◆ **Problem statement**
The required output is the stretch from the line containing "BMW カーシート バックボード" through the line containing "Lumanare decorativa perle, 10 x 7 cm" in the records below, unaltered and with no pictures.

◆ **Source data**
+++++

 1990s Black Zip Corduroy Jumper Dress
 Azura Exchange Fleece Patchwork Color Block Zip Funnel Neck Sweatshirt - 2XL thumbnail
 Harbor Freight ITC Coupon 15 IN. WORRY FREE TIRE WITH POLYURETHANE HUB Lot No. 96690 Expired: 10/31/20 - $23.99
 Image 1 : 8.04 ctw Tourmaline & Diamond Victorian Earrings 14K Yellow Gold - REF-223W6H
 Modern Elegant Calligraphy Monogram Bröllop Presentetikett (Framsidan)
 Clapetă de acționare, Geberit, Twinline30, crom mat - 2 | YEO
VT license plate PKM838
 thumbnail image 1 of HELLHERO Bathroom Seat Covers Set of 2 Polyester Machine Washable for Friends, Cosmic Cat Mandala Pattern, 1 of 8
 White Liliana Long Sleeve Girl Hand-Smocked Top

+++++

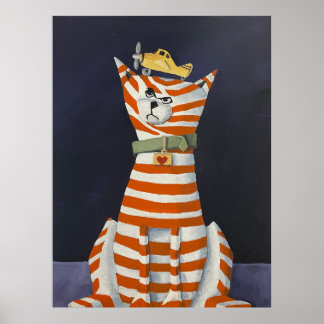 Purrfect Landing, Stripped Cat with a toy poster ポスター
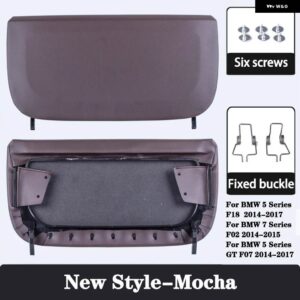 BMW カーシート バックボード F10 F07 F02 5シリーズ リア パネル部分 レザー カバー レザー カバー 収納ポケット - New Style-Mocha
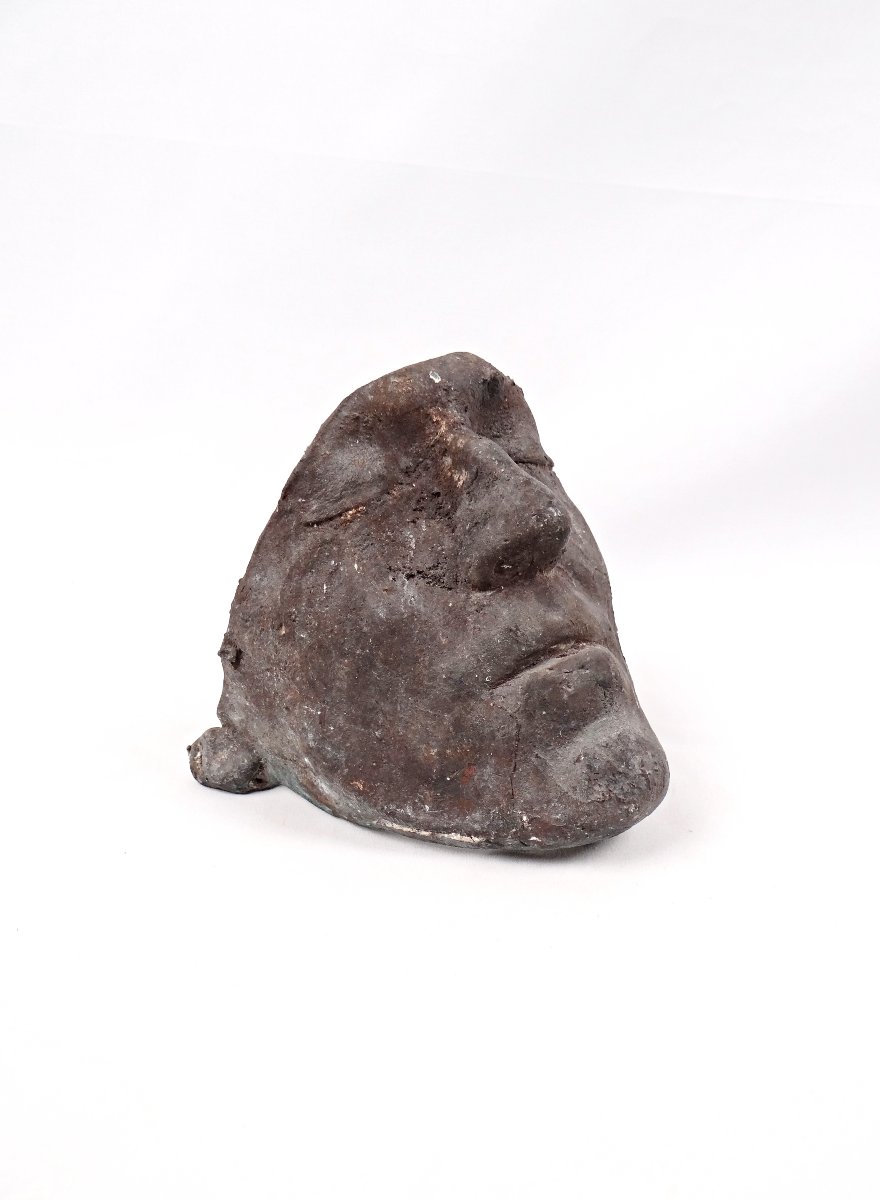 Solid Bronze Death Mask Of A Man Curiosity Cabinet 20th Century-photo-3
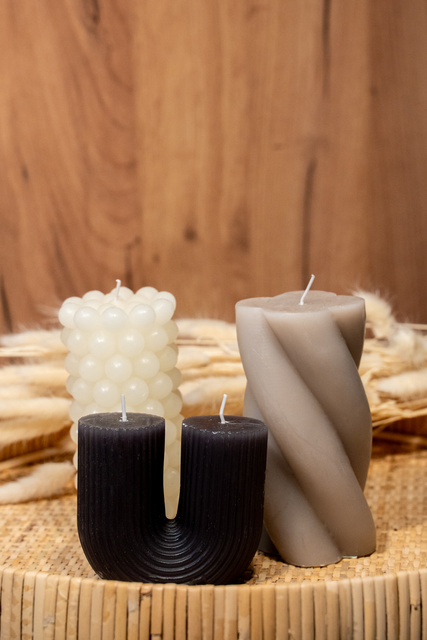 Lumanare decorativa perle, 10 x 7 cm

+++++

◆ **Response to the task**
 BMW カーシート バックボード F10 F07 F02 5シリーズ リア パネル部分 レザー カバー レザー カバー 収納ポケット - New Style-Mocha
 Solid Bronze Death Mask Of A Man Curiosity Cabinet 20th Century-photo-3
 Lumanare decorativa perle, 10 x 7 cm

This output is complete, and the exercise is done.